Repeat all entries exactly.

- [Data shown]:
====
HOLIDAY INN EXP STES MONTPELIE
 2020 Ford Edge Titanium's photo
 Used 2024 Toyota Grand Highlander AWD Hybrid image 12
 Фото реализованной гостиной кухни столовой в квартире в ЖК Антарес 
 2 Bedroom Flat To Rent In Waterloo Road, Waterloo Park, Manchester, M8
====
- [Solution to this exercise]:
HOLIDAY INN EXP STES MONTPELIE
 2020 Ford Edge Titanium's photo
 Used 2024 Toyota Grand Highlander AWD Hybrid image 12
 Фото реализованной гостиной кухни столовой в квартире в ЖК Антарес 
 2 Bedroom Flat To Rent In Waterloo Road, Waterloo Park, Manchester, M8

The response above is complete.